Bescheidbeschwerde – Einzel – Erkenntnis, BFG vom 08.07.2022, RV/2100995/2019

Haftung für Kapitalertragsteuer

Entscheidungstext

IM NAMEN DER REPUBLIK

Das Bundesfinanzgericht hat durch die Richterin***Ri*** in der Beschwerdesache ***Bf1***, ***Bf1-Adr***, vertreten durch Mag. jur.

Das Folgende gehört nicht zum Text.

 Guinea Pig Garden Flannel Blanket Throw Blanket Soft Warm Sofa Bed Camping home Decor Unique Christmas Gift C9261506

Gernot Thonhauser, Steuerberater, Petersgasse 128a/1, 8010 Graz, über die Beschwerde vom betreffend Haftungsbescheide zur Festsetzung von Kapitalertragsteuer 2007, 2008, 2009 des FA Graz-Stadt vom zu Recht erkannt:

  1. Die Bescheide zur Festsetzung der Kapitalertragsteuer 2007 sowie 2008 werden abgeändert.
    Die Beschwerdeführerin wird zur Haftung für Kapitalertragsteuer gemäß § 95 Abs. 1 EStG 1988 für den Zeitraum 2007 im Betrag von Euro 124.683,42 in Anspruch genommen.
    Die Beschwerdeführerin wird zur Haftung für Kapitalertragsteuer gemäß § 95 Abs. 1 EStG 1988 für den Zeitraum 2008 im Betrag von Euro 2.174,357 in Anspruch genommen.
    Die Beschwerde gegen den Bescheid zur Festsetzung der Kapitalertragsteuer 2009 wird gemäß § 279 BAO als unbegründet abgewiesen.

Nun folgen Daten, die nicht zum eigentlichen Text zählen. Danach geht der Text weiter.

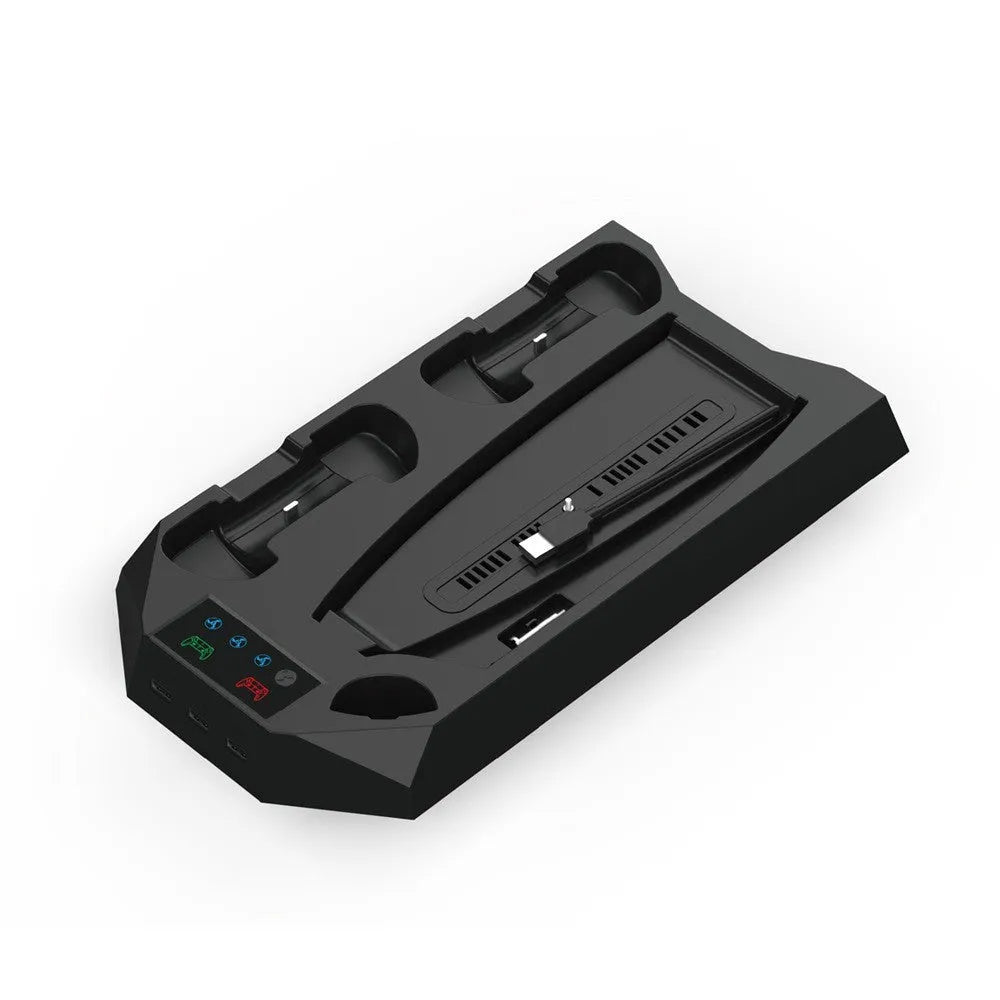 White PS5 charging base radiator with controller and headset storage compartments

II. Gegen dieses Erkenntnis ist eine Revision an den Verwaltungsgerichtshof nach Art. 133 Abs. 4 Bundes-Verfassungsgesetz (B-VG) nicht zulässig.

Entscheidungsgründe

Verfahrensgang

Die beschwerdeführende GmbH (Bf.) ist im Einzelhandel mit optischen und feinmechanischen Erzeugnissen tätig.
Im Zuge der abgabenbehördlichen Prüfung der Jahre 2007 - 2009 hat das Finanzamt festgestellt, dass es zu einer verdeckten Ausschüttung an die Gesellschafterin gekommen ist. (Erkenntnis des BFG zu RV/2100829/2012). Daraufhin wurden am Haftungsbescheide zur Kapitalertragsteuer für den Zeitraum 2007-2009 erlassen.

Mit den angefochtenen Bescheiden wurde für sämtliche Ausschüttungen im Zusammenhang mit der Jacht (Anschaffungskosten der Segeljacht in Höhe von Euro 488.000,- sowie die laufenden Kosten für dieses Schiff) Kapitalertragsteuer vorgeschrieben.

Die Bf. wandte sich in ihrer Beschwerde vom gegen diese oa Bescheide mit der Begründung, dass sowohl das Schiff als auch die Betriebsausgaben für die Erlangung der Generalvertretung nicht als für den Gesellschafter angeschaffte Wirtschaftsgüter zu sehen seien und das zivilrechtliche Eigentum niemals auf den Gesellschafter übergegangen sei.
Es stelle immer noch Vermögen der Gesellschaft und daher steuerneutrales Vermögen dar und die Verfügungsmacht über das Wirtschaftsgut Boot liege unverändert bei der Gesellschaft.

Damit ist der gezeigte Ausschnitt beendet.